[Start of section]

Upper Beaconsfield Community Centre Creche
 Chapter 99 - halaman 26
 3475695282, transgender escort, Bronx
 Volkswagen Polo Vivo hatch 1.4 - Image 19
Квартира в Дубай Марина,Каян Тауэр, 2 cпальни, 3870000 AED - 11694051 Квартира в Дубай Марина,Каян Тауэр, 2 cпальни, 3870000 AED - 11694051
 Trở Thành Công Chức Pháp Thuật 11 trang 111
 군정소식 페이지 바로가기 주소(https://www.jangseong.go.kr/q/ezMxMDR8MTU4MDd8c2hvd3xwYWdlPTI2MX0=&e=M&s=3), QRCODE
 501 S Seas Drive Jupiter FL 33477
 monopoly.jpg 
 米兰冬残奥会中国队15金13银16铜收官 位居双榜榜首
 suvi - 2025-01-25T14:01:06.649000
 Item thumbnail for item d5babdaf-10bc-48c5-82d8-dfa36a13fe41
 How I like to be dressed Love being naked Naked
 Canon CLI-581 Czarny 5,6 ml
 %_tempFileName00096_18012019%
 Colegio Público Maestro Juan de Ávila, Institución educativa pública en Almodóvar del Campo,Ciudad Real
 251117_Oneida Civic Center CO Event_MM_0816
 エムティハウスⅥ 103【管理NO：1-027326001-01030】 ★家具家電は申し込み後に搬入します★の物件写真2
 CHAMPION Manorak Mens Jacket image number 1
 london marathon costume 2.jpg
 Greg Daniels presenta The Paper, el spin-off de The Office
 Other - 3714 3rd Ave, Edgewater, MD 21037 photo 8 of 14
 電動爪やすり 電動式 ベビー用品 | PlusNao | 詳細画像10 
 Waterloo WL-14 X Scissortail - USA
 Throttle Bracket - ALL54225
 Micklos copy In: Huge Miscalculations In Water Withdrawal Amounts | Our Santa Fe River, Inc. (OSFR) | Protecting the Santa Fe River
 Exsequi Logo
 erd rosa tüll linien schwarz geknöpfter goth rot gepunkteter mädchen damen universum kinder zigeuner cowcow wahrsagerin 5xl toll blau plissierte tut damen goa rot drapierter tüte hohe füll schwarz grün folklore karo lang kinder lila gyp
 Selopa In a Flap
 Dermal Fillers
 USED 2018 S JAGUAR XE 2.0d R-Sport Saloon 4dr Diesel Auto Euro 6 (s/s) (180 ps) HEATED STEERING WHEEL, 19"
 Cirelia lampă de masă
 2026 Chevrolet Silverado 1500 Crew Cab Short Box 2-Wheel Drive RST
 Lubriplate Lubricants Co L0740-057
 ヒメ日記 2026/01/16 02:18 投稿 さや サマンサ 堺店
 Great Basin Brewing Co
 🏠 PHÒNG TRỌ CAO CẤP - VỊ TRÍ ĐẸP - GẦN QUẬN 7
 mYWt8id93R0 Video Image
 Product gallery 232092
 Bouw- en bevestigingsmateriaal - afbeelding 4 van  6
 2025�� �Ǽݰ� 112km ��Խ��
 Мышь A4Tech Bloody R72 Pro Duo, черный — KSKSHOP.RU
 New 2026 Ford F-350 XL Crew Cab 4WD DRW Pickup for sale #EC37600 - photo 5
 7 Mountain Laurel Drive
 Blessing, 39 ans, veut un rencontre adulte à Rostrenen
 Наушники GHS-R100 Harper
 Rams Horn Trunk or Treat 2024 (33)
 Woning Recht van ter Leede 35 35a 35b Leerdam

[End of section]

◆ **Work item**:
For every line in the records above that holds "photo", add one, and report the sum alone.

◆ **Exercise response**:
2